Nir-Etika: Antara Janji Jokowi dengan Keluhan Sri Mulyani

Berbeda dengan Bill Clinton, Jokowi tidak hanya berjanji, tetapi juga tidak menepati janji itu. Kasarnya ini pembohongan publik. Janji yang diucapkan Jokowi adalah menyangkut kehidupan berbangsa dan bernegara, sementara janji itu tidak ia tepati dan hasilnya membuat kehidupan berbangsa dan bernegara bermasalah.

Dalam Hukum positif Indonesia, ada ketentuan dalam Pasal 378 KUHP yang menyatakan “Barang siapa dengan maksud hendak menguntungkan diri sendiri atau orang lain dengan melawan hak, baik dengan memakai nama palsu atau keadaan palsu, baik dengan akal dan tipu muslihat, maupun dengan karangan-karangan perkataan bohong, membujuk orang supaya memberikan sesuatu barang, membuat utang atau menghapuskan piutang, dihukum karena penipuan, dengan hukuman penjara selama-lamanya empat tahun.”

Dari ketentuan pasal tersebut di atas, kemudian dikaitkan dengan janji-Janji Jokowi selama menjadi presiden sebagaimana yang diurai di atas tentu patut diduga memenuhi kualifikasi unsur-unsur pasal tersebut. Apalagi kalau kita mengutip kata-kata Sri Mulyani yang menanyakan kesiapan Jokowi akan janji kampanye nya. Dan jawaban Jokowi yang secara enteng mengatakan “kampanye dulu, nanti dipikirkan”.

Yang lebih celaka lagi, bahwa janji itu adalah janji yang berkaitan dengan hajat hidup orang banyak, yang mengikat secara moral dan etika dalam kehidupan berbangsa dan bernegara. Maka dalam Pasal Impeachment hal tersebut termasuk dalam pelanggaran Berat.

Pasal 7A UUD 1945 mengatur sebagai berikut: “Presiden dan/atau Wakil Presiden dapat diberhentikan dalam masa jabatannya oleh Majelis Permusyawaratan Rakyat atas usul Dewan Perwakilan Rakyat, baik apabila terbukti telah melakukan pelanggaran hukum berupa pengkhianatan terhadap negara, korupsi, penyuapan, tindak pidana berat lainnya, atau perbuatan tercela maupun apabila terbukti tidak lagi memenuhi syarat sebagai Presiden dan/atau Wakil Presiden.”

Perbuatan tercela adalah menyangkut hal yang bersifat norma, moral dan etika fungsional terbuka.

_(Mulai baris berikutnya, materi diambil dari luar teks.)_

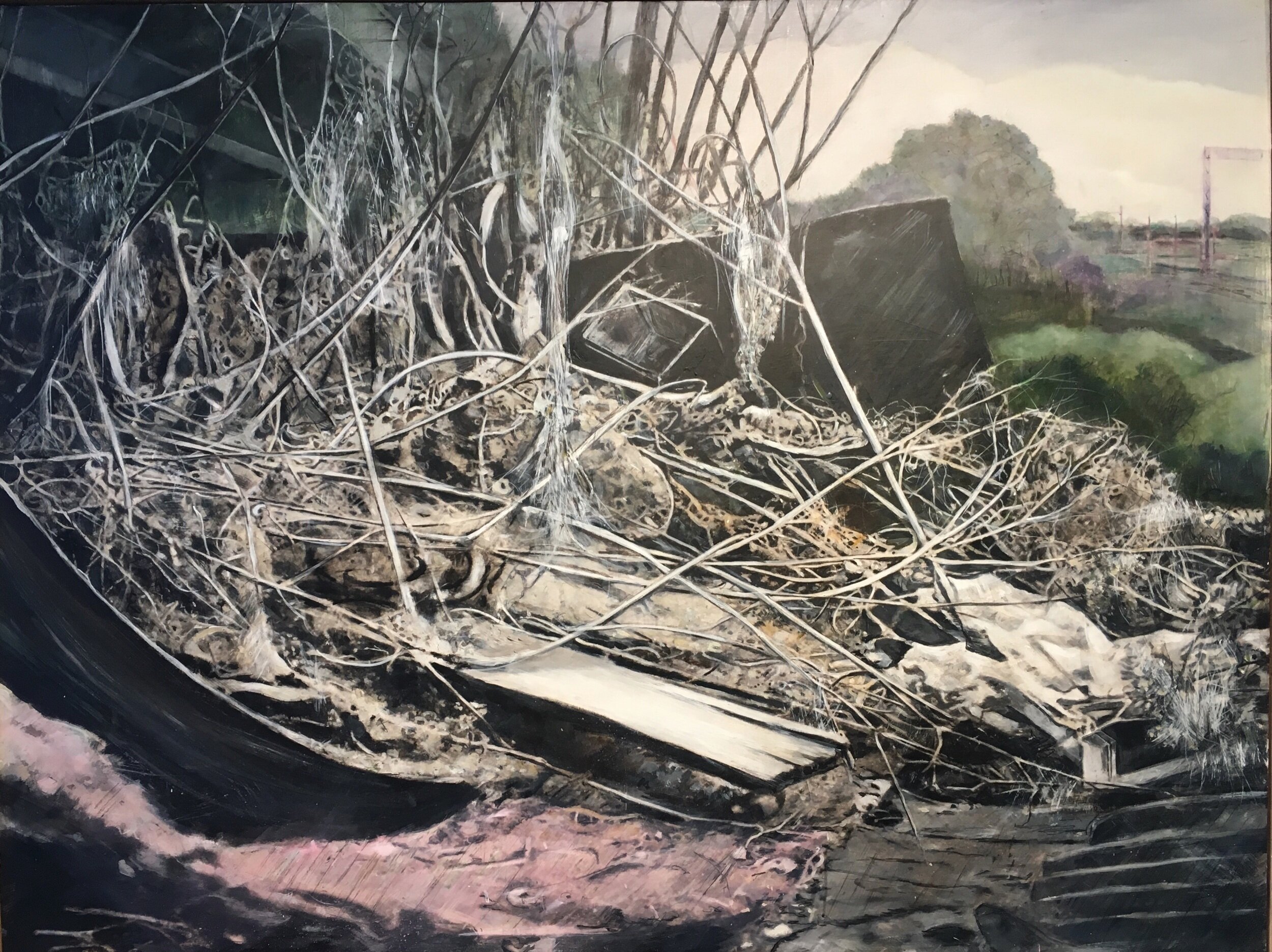 Murmur of a faded landscape: 2019  oil and mixed media on gesso hardboard  81 x 100 cm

Perkembangan terbaru teori etik telah masuk pada etik fungsional terbuka, di mana pejabat publik harus mempertanggungjawabkan secara etik sebagai yang dijelaskan oleh TAP MPR Nomor VI/MPR/2001 tentang etika kehidupan berbangsa dan bernegara. Dalam point bab II angka 2 jelas mensyaratkan “pemerintahan yang terbuka, bertanggungjawab, jujur, melayani dan lain-lain. Siap mundur apabila dirinya telah melanggar kaidah atau sistem nilai ataupun dianggap tidak mampu memenuhi amanah masyarakat, bangsa dan negara”

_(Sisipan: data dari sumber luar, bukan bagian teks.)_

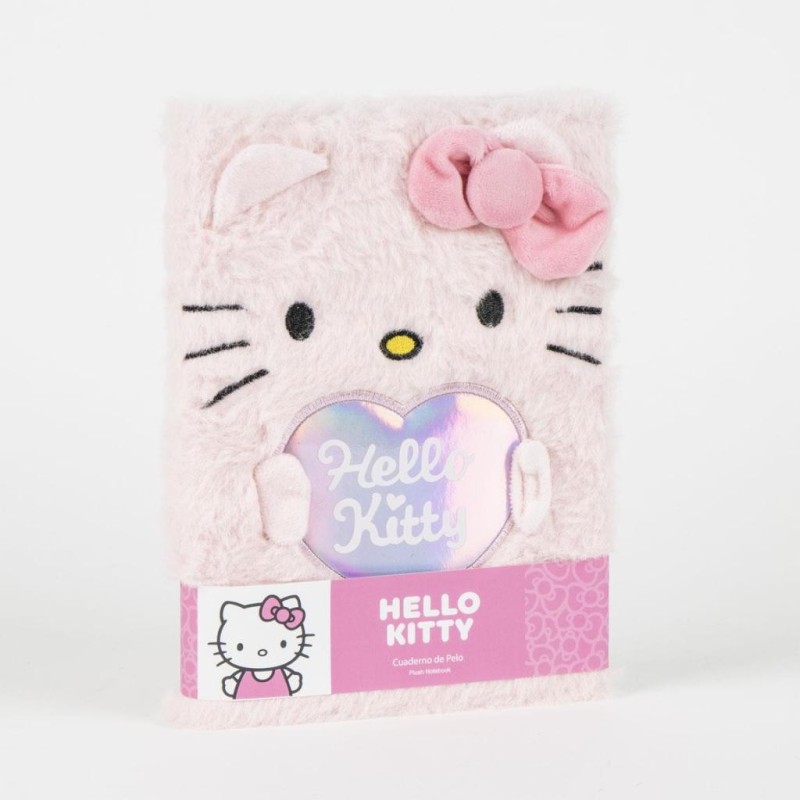 HELLO KITTY - Glitter - Notebook Premium Fourrure - Format A5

Dari rumusan TAP MPR tersebut jelas bahwa tidak jujur, melanggar sistem nilai dan tidak mampu memenuhi amanah adalah merupakan perbuatan yang melanggar norma, kaidah dan nilai yang hidup dalam masyarakat. Karena sifat dan karakter seperti itu tidak mencirikan sifat dan karakter Pancasilais yang menjadi fundamen utama berbangsa dan bernegara.

Oleh karena itu melihat antara janji dan realitas yang sesungguhnya sangat tidak sinkron. Banyak yang dijanjikan oleh Jokowi sebagaimana yang dikemukakan dituliskan ini yang tidak ada dalam realitas. Sehingga menjadi janji palsu yang jelas melanggar ketentuan norma dan kaidah berbangsa dan bernegara.